— Assignment —
Return all of the entries word for word, but omit the pictures they contain.

+++++

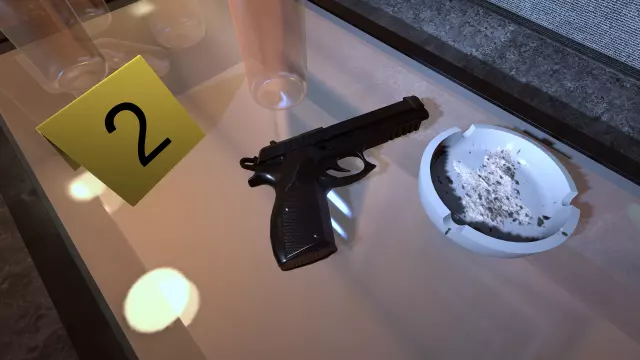 Forensics: Crime Scene Detective — скриншот 2 из игры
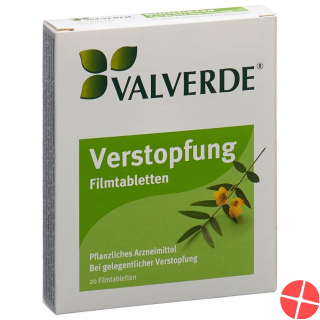Valverde Verstopfung 20 Dragées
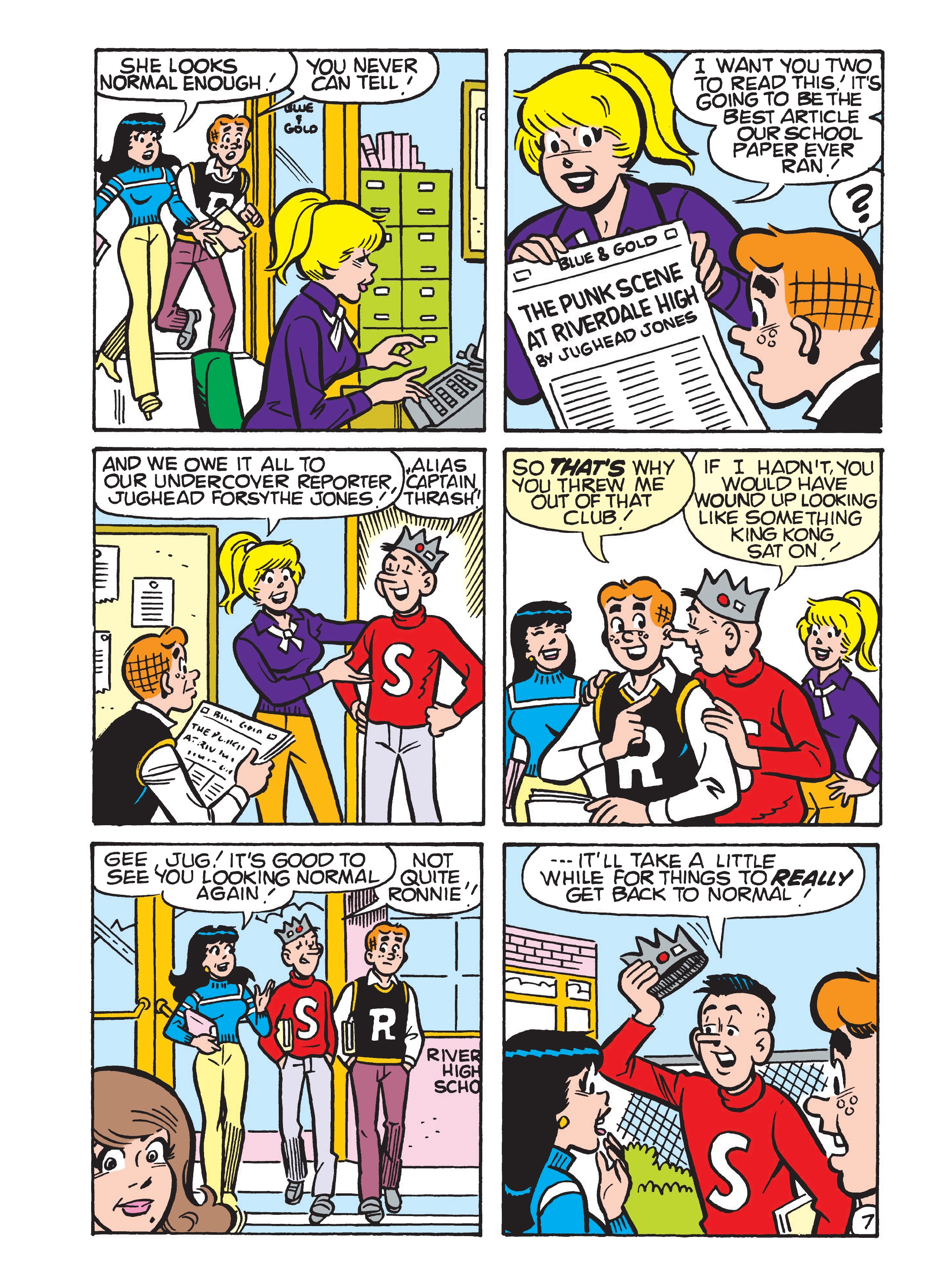 Read online Riverdale Digest comic -  Issue # TPB 5 - 60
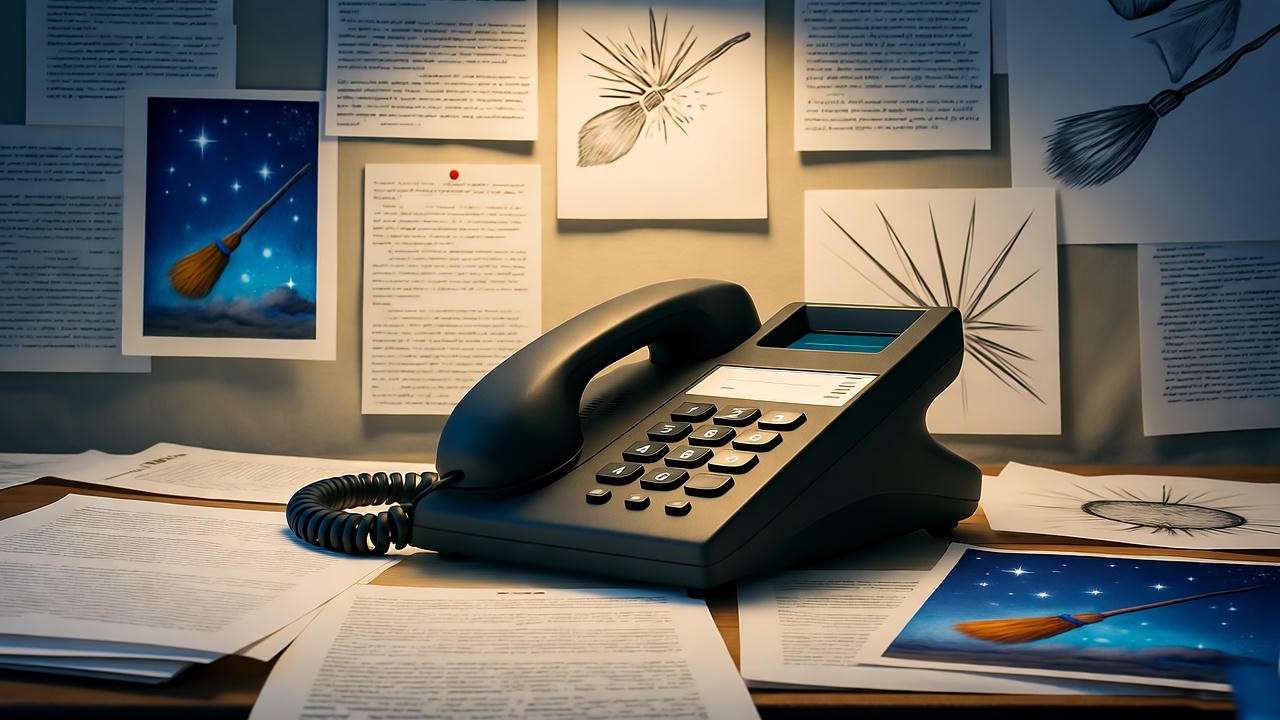 Scholastic call to Mary GrandPré for Harry Potter illustrations collaboration scene

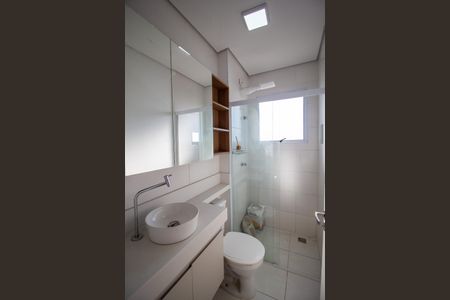 Banheiro de apartamento para alugar com 2 quartos, 48m² em Lopes de Oliveira, Sorocaba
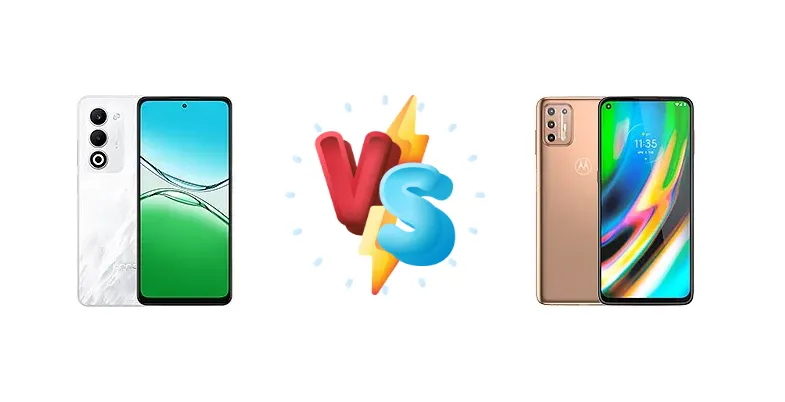 Oppo A5 vs Motorola Moto G9 Plus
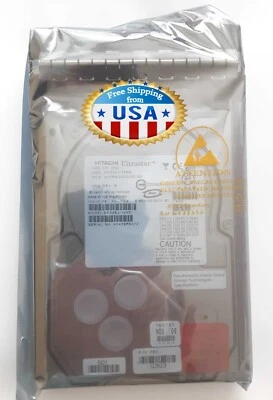 Hitachi DK32EJ-14NC 147GB  3.5 HDD, Speed - 10K, 80PIN - Hitachi Refarbished ! - Image 1 of 4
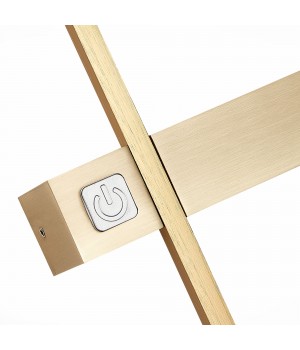 SL1589.031.01 Светильник настенный ST-Luce Латунь/Латунь LED 1*6W 4000K ASTENTE-foto5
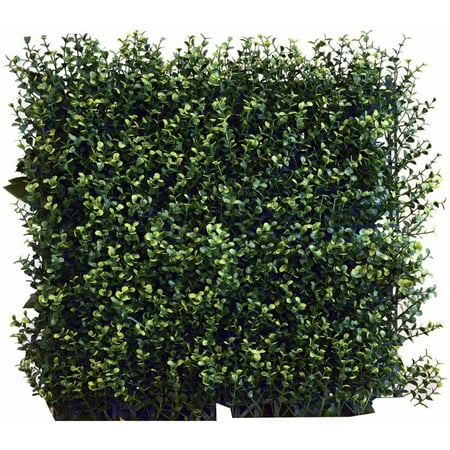 Greensmart Decor Artificial Greenery Ficus Spring Wall Panels - Set of 4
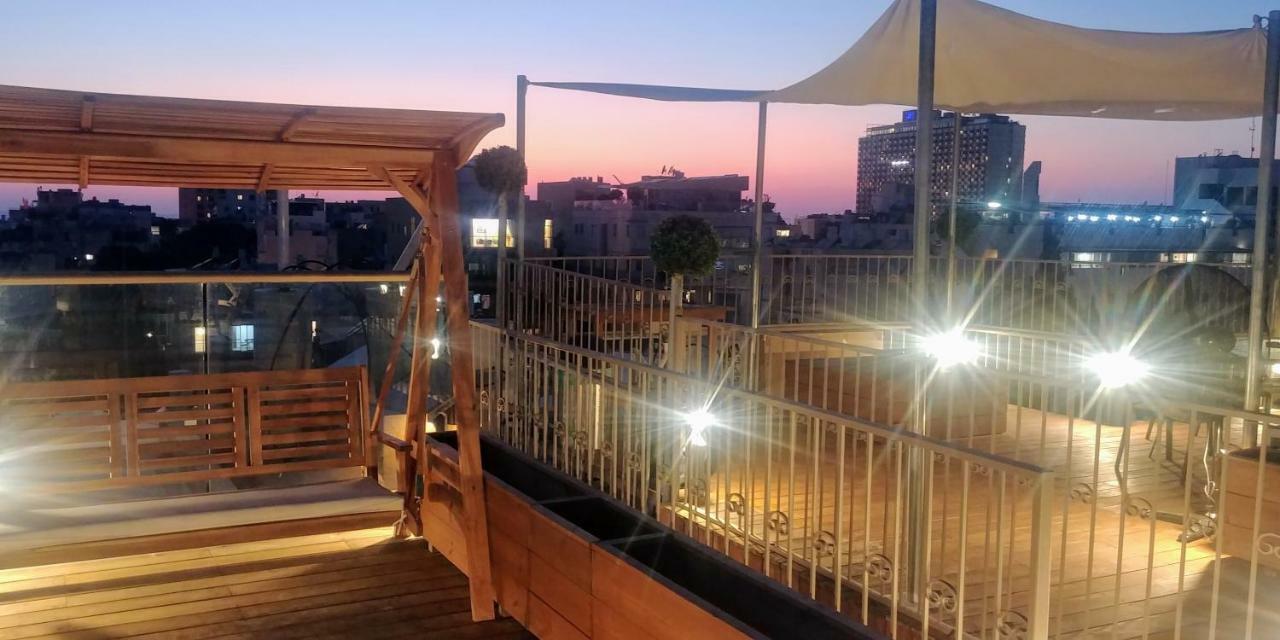 Dizengoff Penthouse Boutique Hostel Tel Aviv Exteriör bild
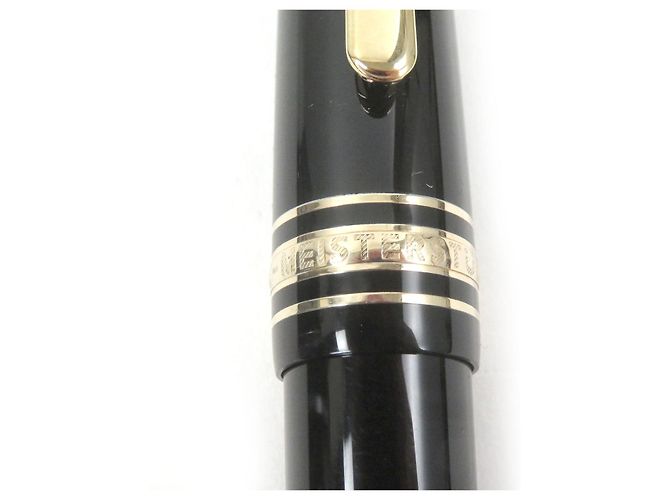 Montblanc Meisterstück 145 Pix Classic 14K Füllfederhalter Schwarz - Ansicht 8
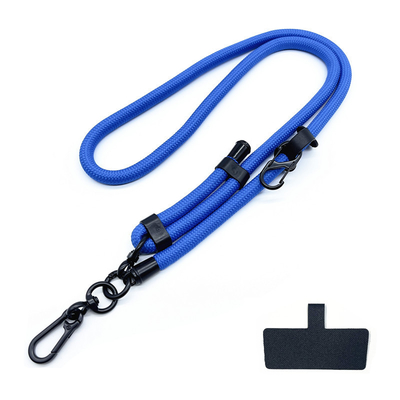 OEM ซิลิโคนโทรศัพท์สลิง Lanyard หรูหราพวงกุญแจ Universal PPM สายไฟเชือก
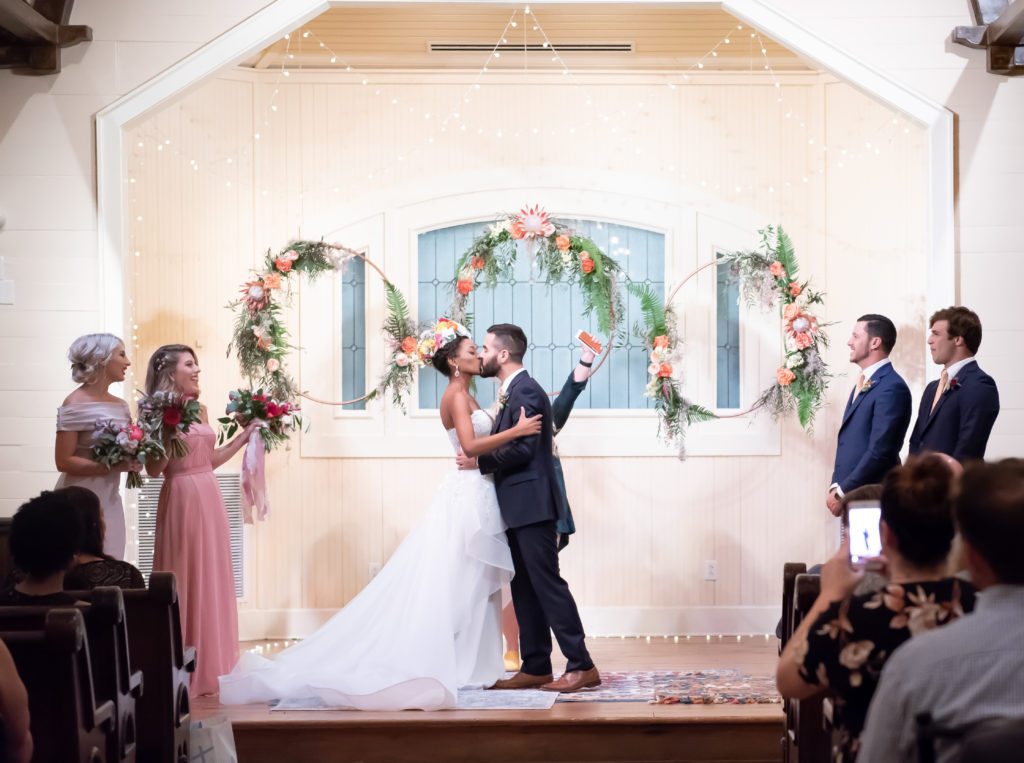 The Big Fake Wedding in Tybee Island Wedding Chapel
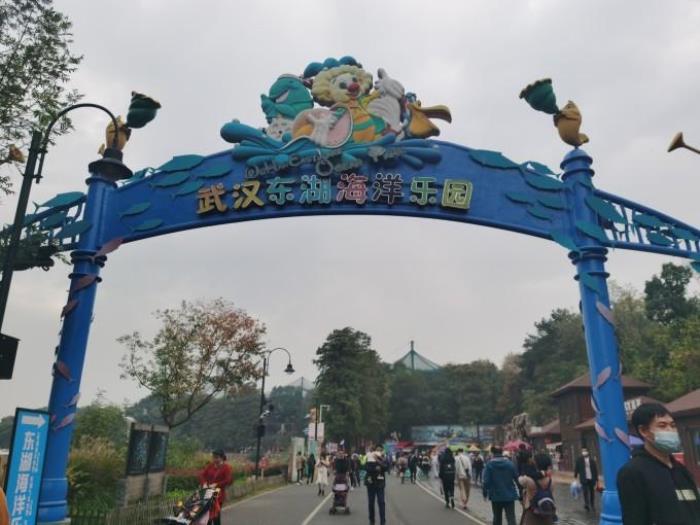 武漢東湖海洋世界一日游游記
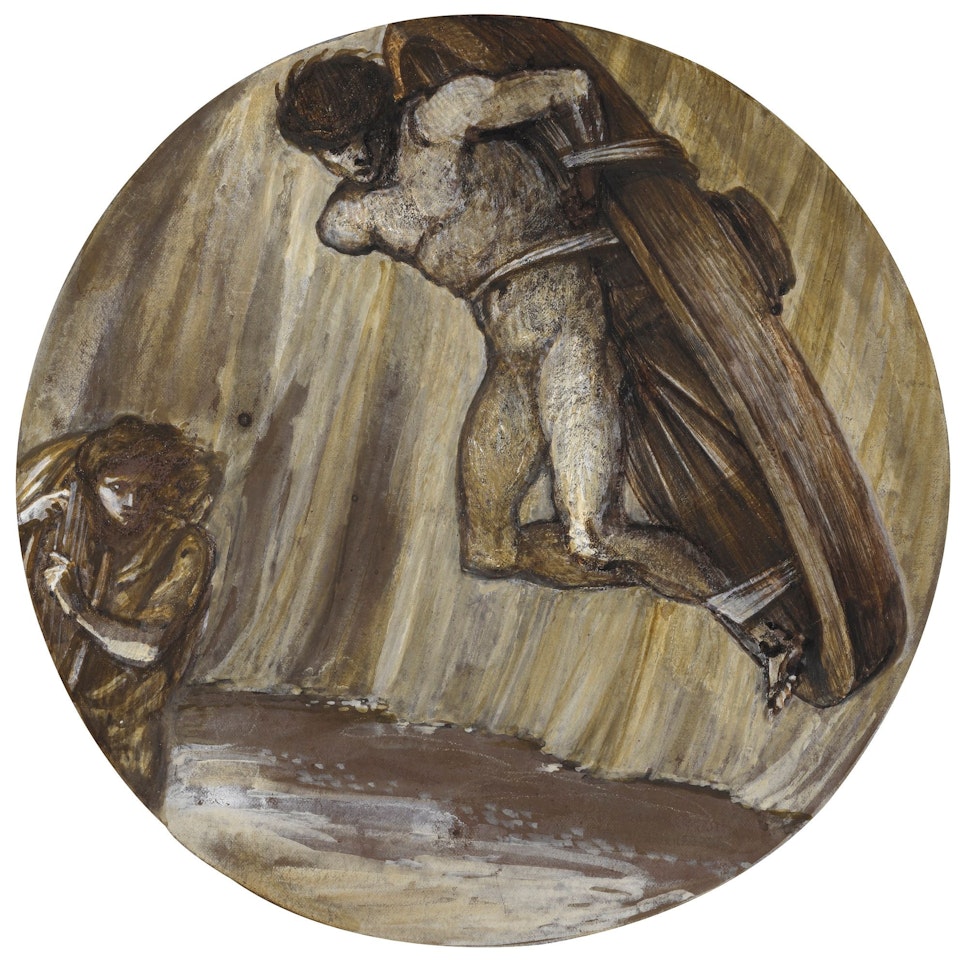 IXION by Edward Coley Burne-Jones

+++++

— Answer section —
 Forensics: Crime Scene Detective — скриншот 2 из игры
Valverde Verstopfung 20 Dragées
 Read online Riverdale Digest comic -  Issue # TPB 5 - 60
 Scholastic call to Mary GrandPré for Harry Potter illustrations collaboration scene

 Banheiro de apartamento para alugar com 2 quartos, 48m² em Lopes de Oliveira, Sorocaba
 Oppo A5 vs Motorola Moto G9 Plus
 Hitachi DK32EJ-14NC 147GB  3.5 HDD, Speed - 10K, 80PIN - Hitachi Refarbished ! - Image 1 of 4
 SL1589.031.01 Светильник настенный ST-Luce Латунь/Латунь LED 1*6W 4000K ASTENTE-foto5
 Greensmart Decor Artificial Greenery Ficus Spring Wall Panels - Set of 4
 Dizengoff Penthouse Boutique Hostel Tel Aviv Exteriör bild
 Montblanc Meisterstück 145 Pix Classic 14K Füllfederhalter Schwarz - Ansicht 8
 OEM ซิลิโคนโทรศัพท์สลิง Lanyard หรูหราพวงกุญแจ Universal PPM สายไฟเชือก
 The Big Fake Wedding in Tybee Island Wedding Chapel
 武漢東湖海洋世界一日游游記
 IXION by Edward Coley Burne-Jones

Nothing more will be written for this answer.